## HOW TO COMPLETE THIS TASK
Copy the listing exactly; drop the pictures.

Top of SOURCE MATERIAL

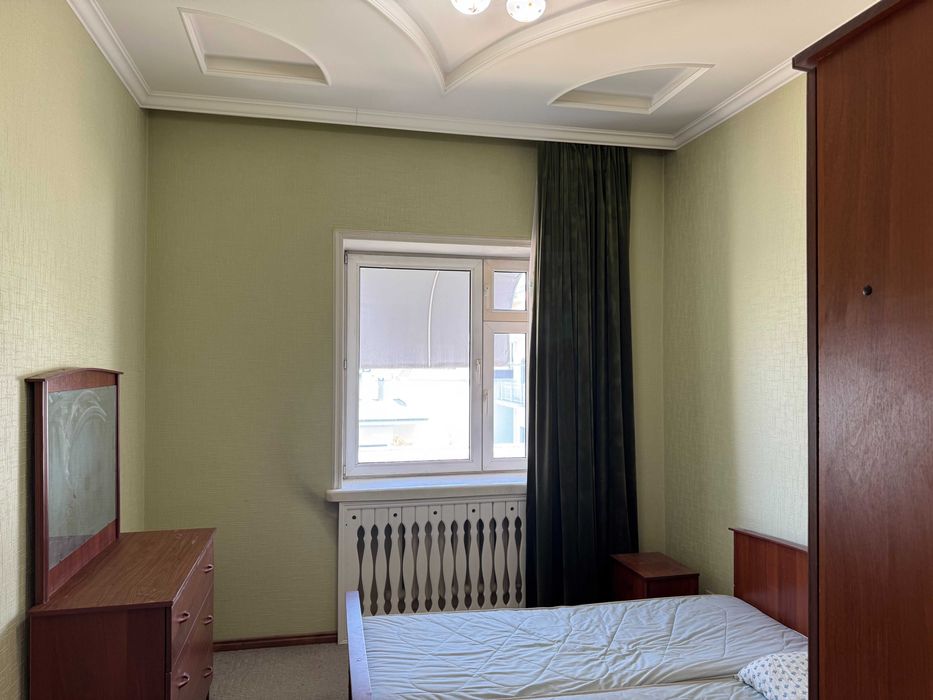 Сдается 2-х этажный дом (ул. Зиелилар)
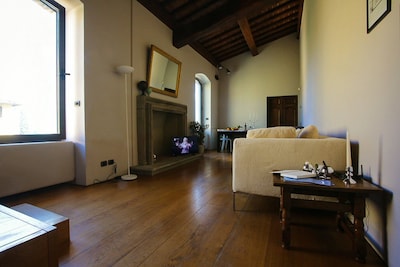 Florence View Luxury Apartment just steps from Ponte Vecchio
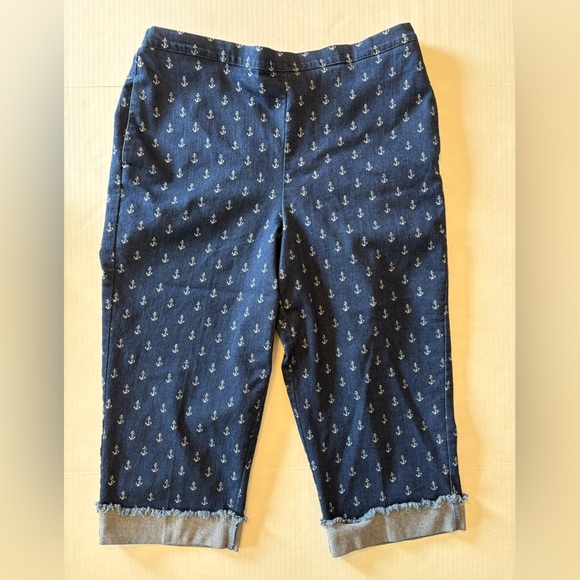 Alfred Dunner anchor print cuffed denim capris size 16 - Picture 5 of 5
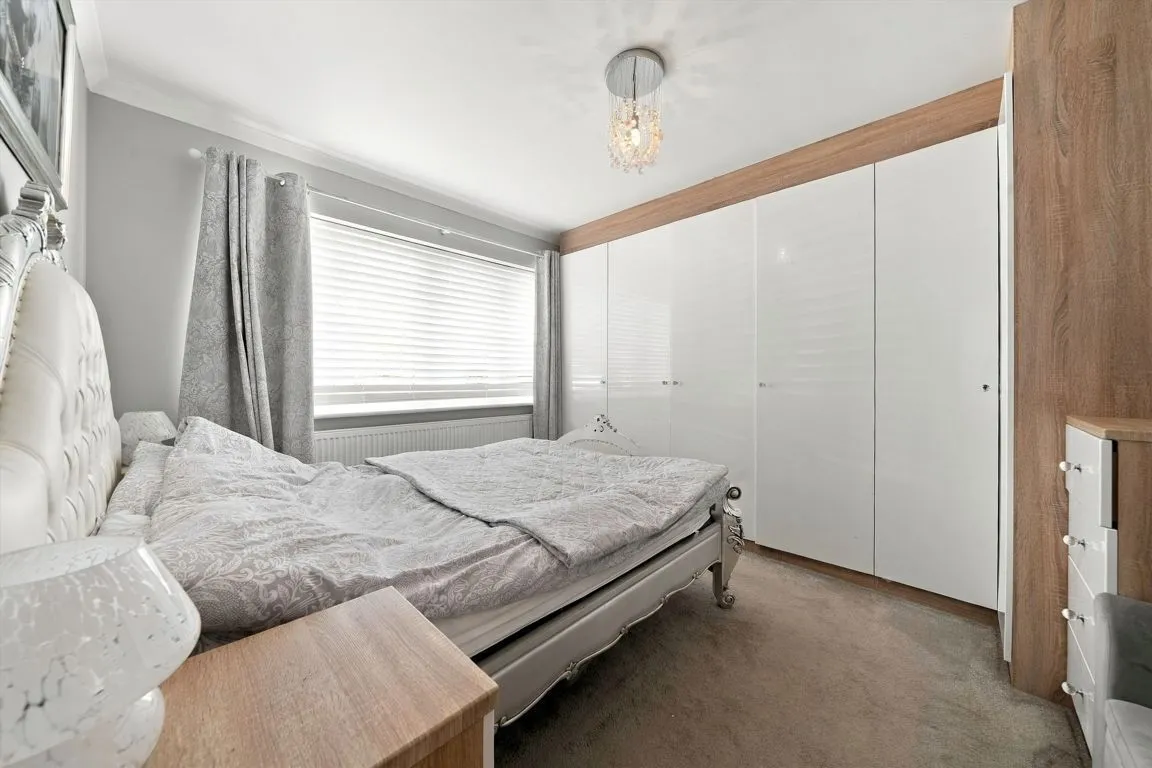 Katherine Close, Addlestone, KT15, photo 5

Bottom of SOURCE MATERIAL

## RESULT FOR THIS EXERCISE
 Сдается 2-х этажный дом (ул. Зиелилар)
 Florence View Luxury Apartment just steps from Ponte Vecchio
 Alfred Dunner anchor print cuffed denim capris size 16 - Picture 5 of 5
 Katherine Close, Addlestone, KT15, photo 5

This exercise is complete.